Filed Under:Your Practice, Regulatory

Treasury renews FACI another 2 years

After a year-and-a-half of meetings, macro and micro matters loom

Cash room at Treasury, where the FACI holds open meetings. (AP Photo/Treasury Historical Association, File)
Cash room at Treasury, where the FACI holds open meetings. (AP Photo/Treasury Historical Association, File)

The Federal Advisory Committee on Insurance (FACI) has gotten its charter renewed for two more years. FACI’s original two-year charter was up Aug. 4. The new charter was renewed until July 29, 2015. 

The advisory group, headed by Federal Insurance Office (FIO) Director Michael McRaith, has met publicly about five times, although records are not complete, and has had many interim phone calls. Its next scheduled open meeting is Sept. 18.
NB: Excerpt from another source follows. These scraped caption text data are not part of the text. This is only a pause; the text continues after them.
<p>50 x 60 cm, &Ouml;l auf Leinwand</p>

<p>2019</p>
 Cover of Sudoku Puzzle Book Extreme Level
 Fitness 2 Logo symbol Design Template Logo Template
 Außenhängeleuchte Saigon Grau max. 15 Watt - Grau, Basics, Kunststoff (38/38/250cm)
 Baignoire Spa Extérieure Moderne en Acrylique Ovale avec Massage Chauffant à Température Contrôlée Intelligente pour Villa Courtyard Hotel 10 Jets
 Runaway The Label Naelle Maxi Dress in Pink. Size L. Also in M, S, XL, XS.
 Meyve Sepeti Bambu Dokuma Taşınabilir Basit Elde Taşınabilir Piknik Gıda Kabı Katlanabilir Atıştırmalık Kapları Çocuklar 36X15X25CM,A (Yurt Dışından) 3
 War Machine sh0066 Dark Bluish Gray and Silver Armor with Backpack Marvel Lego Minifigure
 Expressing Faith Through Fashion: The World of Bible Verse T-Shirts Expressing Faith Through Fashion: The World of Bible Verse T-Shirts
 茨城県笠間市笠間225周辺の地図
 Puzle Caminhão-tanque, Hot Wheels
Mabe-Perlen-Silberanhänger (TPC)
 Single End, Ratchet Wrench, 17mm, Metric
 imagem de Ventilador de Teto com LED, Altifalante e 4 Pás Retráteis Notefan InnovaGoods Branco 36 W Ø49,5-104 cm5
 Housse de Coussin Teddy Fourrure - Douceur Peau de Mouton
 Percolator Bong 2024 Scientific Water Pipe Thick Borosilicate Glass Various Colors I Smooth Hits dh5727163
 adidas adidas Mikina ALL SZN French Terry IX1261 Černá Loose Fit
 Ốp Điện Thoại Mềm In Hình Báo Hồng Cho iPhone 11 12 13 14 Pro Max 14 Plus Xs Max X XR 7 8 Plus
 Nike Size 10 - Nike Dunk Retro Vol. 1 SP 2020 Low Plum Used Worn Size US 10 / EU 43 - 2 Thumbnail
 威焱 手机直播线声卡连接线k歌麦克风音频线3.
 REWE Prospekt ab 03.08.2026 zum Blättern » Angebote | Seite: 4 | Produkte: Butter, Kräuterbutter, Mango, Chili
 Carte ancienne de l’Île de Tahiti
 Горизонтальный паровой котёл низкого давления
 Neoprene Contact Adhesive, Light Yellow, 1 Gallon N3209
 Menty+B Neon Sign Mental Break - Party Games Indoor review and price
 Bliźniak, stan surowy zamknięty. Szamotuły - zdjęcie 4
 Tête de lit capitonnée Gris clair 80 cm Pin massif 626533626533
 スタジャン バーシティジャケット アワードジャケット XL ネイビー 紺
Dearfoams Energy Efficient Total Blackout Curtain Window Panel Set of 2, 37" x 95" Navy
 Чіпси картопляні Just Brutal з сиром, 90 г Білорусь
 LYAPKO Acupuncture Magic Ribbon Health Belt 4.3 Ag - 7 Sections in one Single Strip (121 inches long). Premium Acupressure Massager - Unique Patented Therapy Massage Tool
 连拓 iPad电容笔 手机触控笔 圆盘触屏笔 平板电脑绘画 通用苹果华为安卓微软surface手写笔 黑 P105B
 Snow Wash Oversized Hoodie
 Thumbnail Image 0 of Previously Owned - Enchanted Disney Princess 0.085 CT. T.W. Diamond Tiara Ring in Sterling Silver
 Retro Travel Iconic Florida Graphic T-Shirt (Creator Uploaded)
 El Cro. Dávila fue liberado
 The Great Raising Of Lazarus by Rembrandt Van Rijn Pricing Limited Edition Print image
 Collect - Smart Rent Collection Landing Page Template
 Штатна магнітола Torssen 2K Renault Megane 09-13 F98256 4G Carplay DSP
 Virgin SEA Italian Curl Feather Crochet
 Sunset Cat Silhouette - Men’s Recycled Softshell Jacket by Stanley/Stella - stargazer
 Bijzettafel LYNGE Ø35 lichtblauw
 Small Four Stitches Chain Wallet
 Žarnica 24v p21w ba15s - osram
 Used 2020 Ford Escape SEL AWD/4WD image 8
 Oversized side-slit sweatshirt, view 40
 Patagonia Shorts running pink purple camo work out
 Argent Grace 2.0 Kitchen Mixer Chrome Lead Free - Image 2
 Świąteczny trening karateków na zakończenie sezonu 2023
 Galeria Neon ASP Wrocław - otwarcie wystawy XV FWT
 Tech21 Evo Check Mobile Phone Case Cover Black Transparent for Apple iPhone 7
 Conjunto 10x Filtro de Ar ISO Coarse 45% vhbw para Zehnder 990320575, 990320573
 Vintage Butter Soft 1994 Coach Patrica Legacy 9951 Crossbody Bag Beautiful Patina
The group has briefed or been briefed on affordability issues, demographics, national flood insurance program challenges, influence of credit rating agencies, responses to Superstorm Sandy and the use of captive vehicles by life insurers to parcel out excess reserves.

For instance, FACI availability and affordability subgroup, headed by consumer representative Birny Birnbaum, urged the FIO to utilize its methodology for analyzing availability and affordability in specific product markets while always analyzing characteristics of race and income in that process. FIO has a statutory charge to monitor the extent to which traditionally underserved communities and consumers, minorities and low-and moderate-income consumers have access to affordable insurance products regarding all lines of insurance, except health insurance. 

It wants FIO to use its authority to identify different product markets and consumer segments -- in addition to minority and low- and moderate-income communities and consumers -- which are underserved for various products. 

Another group created to look into the practices of the captive insurance industry, chaired by Washington, D.C., Insurance Commissioner William White, briefed FIO on the National Association of Insurance Commissioners (NAIC)’s work on captives by an NAIC subgroup. It is unclear if FIO is proceeding with its own investigation of captives or letting the NAIC work stand in.

FIO will likely press for more information, given the fact that New York regulators, who are represented on FACI, issued a strong broadside against the captives industry, made public right before the day of the most recent FACI meeting on June 14. They even called for a moratorium on the practices. The NAIC scoffed at that suggestion later that day. 

Another FACI group looked at credit rating agencies and concluded that capital management decisions by carriers such as stock buybacks, debt to capital ratios, and dividend yields, as well as rate-making decisions are influenced significantly by the credit rating impacts.

As the inaugural FACI meeting March 30, 2012, McRaith said he hoped FACI would be a forum for discussion. “My hope is to have thoughtful discussion on one or two issues of the day, ... we identify four, five, or six high-level issues this committee feels are important,” he said.

New York Superintendent of Financial Services Benjamin Lawsky said, “There is a risk of biting off more than we can chew and disappearing for two years and coming back with a 1,000-page report.”

There has been no such lengthy report, but at each open meeting there is an awkward allusion to waiting to hear more pointers once the Dodd-Frank-mandated FIO report addressing modernization of the industry is published. McRaith, at the last meeting, said the overdue report would come out sometime this summer, but indications that it would see the light day in the near future have been common since the report was due in late January 2012.